Elly Heuss-Knapp und die „soziale Frage“ der Frauen
Geboren 1881 in Straßburg, wuchs Elly Knapp in großbürgerlichen Verhältnissen auf. Sie wurde Lehrerin. Ehrenamtlich engagierte sie sich im städtischen Armenwesen und erkannte die Bedeutung von Bildung für die Überwindung der „sozialen Frage“. 1905 nahm sie ein Studium der Volkswirtschaftslehre auf, erst in Freiburg, dann in Berlin. Dort suchte sie die Nähe Friedrich Naumanns und arbeitete an dessen Zeitschrift und Sozialprojekten mit. Bei ihm lernte sie den Kulturredakteur Theodor Heuss kennen, den sie drei Jahre später heiratete.

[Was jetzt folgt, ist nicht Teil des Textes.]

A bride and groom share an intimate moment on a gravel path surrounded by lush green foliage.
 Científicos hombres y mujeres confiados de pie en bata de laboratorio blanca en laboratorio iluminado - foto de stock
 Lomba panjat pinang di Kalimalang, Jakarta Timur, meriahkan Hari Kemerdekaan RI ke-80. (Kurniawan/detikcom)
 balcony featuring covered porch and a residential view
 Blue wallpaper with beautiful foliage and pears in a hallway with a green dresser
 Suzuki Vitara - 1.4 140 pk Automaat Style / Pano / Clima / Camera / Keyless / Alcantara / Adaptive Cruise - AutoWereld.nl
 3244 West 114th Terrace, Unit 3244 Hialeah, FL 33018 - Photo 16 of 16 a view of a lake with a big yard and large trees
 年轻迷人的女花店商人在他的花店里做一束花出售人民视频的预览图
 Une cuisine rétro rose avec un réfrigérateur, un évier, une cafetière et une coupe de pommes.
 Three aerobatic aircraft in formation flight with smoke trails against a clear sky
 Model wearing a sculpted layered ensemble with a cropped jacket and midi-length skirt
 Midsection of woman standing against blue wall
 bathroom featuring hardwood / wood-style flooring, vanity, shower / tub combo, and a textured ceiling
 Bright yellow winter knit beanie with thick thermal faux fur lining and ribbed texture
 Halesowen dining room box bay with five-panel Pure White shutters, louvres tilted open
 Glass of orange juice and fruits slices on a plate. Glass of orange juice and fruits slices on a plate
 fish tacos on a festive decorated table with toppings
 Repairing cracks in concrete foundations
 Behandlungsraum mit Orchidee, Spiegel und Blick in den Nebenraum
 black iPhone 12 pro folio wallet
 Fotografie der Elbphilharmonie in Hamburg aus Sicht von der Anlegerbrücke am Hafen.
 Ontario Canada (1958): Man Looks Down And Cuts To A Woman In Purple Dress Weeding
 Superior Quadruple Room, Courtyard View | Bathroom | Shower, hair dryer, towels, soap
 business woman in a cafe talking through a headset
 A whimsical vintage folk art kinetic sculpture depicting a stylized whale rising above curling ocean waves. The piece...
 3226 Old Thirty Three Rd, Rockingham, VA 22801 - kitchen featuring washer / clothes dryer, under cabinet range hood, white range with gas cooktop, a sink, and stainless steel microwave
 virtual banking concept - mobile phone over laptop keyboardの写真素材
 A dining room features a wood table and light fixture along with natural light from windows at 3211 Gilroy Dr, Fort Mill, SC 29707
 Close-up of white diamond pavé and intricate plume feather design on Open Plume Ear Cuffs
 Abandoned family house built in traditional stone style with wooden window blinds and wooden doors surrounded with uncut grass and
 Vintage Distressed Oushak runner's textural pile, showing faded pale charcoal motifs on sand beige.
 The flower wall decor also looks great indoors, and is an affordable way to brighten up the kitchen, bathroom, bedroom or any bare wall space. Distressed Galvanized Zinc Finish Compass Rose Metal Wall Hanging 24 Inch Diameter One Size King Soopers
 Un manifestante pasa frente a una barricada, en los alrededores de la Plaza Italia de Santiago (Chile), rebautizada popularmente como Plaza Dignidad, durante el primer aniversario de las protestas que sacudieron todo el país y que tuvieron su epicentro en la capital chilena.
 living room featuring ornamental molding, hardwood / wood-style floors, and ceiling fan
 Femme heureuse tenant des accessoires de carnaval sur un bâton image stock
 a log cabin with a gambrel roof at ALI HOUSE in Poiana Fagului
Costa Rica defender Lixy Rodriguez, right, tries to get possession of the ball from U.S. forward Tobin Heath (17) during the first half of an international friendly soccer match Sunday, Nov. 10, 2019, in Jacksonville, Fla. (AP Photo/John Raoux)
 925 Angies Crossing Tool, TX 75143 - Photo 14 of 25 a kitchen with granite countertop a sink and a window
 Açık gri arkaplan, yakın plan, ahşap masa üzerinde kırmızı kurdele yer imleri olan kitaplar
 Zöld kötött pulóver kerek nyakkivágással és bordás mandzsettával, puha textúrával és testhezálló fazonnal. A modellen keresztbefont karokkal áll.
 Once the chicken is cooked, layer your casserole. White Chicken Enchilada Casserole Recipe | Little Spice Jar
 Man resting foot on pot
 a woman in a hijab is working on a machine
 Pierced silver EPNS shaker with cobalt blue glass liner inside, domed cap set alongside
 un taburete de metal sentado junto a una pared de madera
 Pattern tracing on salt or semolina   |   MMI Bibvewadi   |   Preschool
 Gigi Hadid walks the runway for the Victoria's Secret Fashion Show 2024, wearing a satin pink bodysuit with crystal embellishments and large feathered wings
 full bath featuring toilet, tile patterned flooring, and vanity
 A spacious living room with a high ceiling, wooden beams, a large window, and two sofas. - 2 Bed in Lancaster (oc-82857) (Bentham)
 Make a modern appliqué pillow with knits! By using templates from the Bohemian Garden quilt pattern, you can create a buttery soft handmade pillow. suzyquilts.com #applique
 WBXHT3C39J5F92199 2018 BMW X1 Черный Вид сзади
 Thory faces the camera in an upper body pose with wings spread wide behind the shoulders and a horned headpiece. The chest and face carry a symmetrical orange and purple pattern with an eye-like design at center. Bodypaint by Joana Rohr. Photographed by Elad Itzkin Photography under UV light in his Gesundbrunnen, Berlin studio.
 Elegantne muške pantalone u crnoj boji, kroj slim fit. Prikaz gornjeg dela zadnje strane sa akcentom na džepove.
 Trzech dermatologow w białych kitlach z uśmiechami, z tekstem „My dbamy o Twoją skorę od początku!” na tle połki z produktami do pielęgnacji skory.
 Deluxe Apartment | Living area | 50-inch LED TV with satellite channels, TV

Nach dem Ersten Weltkrieg trat Elly Heuss-Knapp, die inzwischen eine „Bürgerkunde und Volkswirtschaftslehre für Frauen“ veröffentlicht hatte, der DDP bei. Sie kandidierte zweimal als Abgeordnete. In der Zeit des Nationalsozialismus hielt sie als Pionierin neuer Formen audiovisueller Werbung ihre Familie über Wasser. Nach Ende des Zweiten Weltkriegs wurde sie für die DVP in den Landtag Baden-Württembergs gewählt. Als ihr Mann deutsches Staatsoberhaupt wurde, knüpfte sie als „First Lady“ an ihre früheren sozialpolitischen Aktivitäten für Frauen an und schuf das Müttergenesungswerk. Sie starb 1952 in Bonn.